Your captions are a mix of light-heartedness and in-depth comment. Were you initially hesitant on posting your opinion so publicly?
Never. I’ve always been a very expressive person and scrutiny is nothing new to me. I’ve never been shy to discuss my opinions but I was surprised by how many other people related to me and my personal experiences.
What does feminism mean to you?
Feminism is the liberation and empowerment of women. Breaking down all gender restrictions because women are equal to men. I don’t think that there’s a scale to feminism, it’s simply the belief of equality of the sexes. Roxanne Gay discusses the problematic nature of mainstream feminism in her book Bad Feminism (really good read!), which often neglects queer women, trans women, and women of colour.
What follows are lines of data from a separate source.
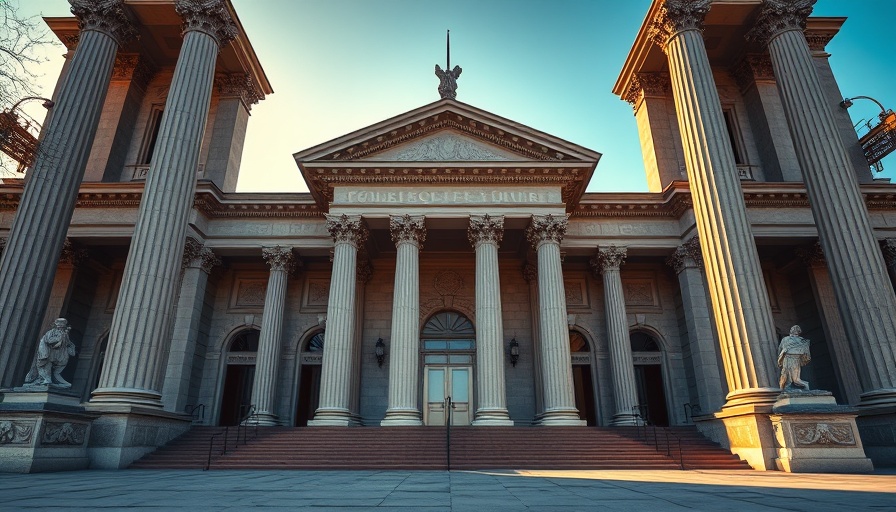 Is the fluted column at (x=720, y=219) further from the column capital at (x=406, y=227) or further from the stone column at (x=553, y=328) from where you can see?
the column capital at (x=406, y=227)

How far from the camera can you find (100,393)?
43.4 feet

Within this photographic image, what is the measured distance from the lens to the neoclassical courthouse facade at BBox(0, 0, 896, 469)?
1452cm

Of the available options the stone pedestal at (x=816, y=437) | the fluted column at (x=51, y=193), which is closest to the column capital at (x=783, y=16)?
the stone pedestal at (x=816, y=437)

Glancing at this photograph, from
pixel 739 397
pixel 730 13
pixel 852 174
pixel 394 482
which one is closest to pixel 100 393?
pixel 394 482

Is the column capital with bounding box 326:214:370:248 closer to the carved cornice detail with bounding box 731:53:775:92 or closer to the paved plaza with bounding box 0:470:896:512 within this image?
the paved plaza with bounding box 0:470:896:512

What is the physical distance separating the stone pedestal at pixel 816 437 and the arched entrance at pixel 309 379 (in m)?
17.0

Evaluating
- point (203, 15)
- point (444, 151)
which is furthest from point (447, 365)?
point (203, 15)

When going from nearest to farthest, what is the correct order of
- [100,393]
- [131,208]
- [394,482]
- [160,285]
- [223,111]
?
[394,482], [100,393], [160,285], [131,208], [223,111]

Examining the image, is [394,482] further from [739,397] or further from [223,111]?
[223,111]

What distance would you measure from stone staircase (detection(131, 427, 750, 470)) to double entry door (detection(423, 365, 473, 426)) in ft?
18.4

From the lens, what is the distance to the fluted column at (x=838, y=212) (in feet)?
45.0

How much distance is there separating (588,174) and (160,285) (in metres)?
15.6

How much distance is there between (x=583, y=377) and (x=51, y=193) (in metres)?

Feminism to me is love, respect, and the celebration of all women in a society where we have been defeated, criticised, and restricted for far too long.
What fuels your desire to post a half-naked photo?
I love feeling sexy. I feel sexy in a turtleneck too but I am not ashamed of my body and hope to empower other women to not be ashamed of theirs. People take that stuff way too seriously. I am obsessed with the human body in all forms, shapes and sizes – there is nothing more beautiful to me.
Have you always been comfortable in your own skin?
No. When I was in primary school I hated being an ethnic girl. I grew up in a predominantly Anglo-Saxon area. I always felt super foreign and hated that my family was so different. I used to wish that I were a white girl with blonde hair and blue eyes. I just wanted to fit in, which is really sad.
How do you retain such confidence in yourself?
My family has always been the most pivotal part in the development of my confidence and self-actualisation. I was always showered with so much love and assurance by my family that naturally I began to celebrate myself. My older brother Antony has always made me feel a million dollars and his support played a major role in the progression of my self-love and appreciation.
Your parents immigrated here from Lebanon. Did you grow up understanding their sacrifices?
Just like most immigrants, my parents worked tirelessly when they came to Australia so that my siblings and I could have better opportunities. The catastrophic atrocities that occurred during the Lebanese Civil War in the ’70s left major heartache and scars for both of my parents. The true extent of their struggles and sacrifices is something I will never be able to truly comprehend, however something I praise them for regularly.
People have such strong opinions about you. Do you think you rile some people up simply because you’re a young, outspoken women who isn’t afraid of expressing her sexuality?
Definitely. I think some people don’t like seeing other people happy or empowered—an idea that has always puzzled me. Women are quickly labeled as a mouthy, bossy, opinionated bitch when they share their strong opinions, which is a stark contrast to when men are praised for being passionate when sharing theirs. If I’m confident with the way that I look then I’m arrogant; if I’m not, then I’m too insecure which isn’t attractive. There’s no winning with some people but I honestly don’t care. As my girl Samantha Jones states, “If I worried what every bitch in New York was saying about me, I’d never leave the house”.
Which women inspire you with their voices and why?
Amal Clooney is my queen. She is the epitome of what it means to be a powerful woman. Super courageous, intelligent, compassionate, and strong! I really look up to her, the work she does, and what she stands for. I also love Rihanna because she’s unapologetically herself. I love when people own who they are—more people should be like that.
What advice would you give to girls struggling with self image and the idea of staying true to themselves?
Change your environment! When you surround yourself with people who make you feel like Beyoncé, you in turn will feel this way. Hang around people who celebrate you, empower you, inspire you, make you feel sexy, smart, and confident – this is so crucial! I think too many women waste their time with disgusting boys who bring them down and girl friends who make them feel self conscious—it’s really hard to feel good when you are externally disempowered.
What positives has social media brought onto your life? What do you think about its power?
Authentic human connections and creative inspiration. Social media is a really powerful agent that works to educate and bring people together. I’ve met some of my closest friends through social media. I love how it can connect people from all corners of the earth and create an international forum where we can all learn from one another.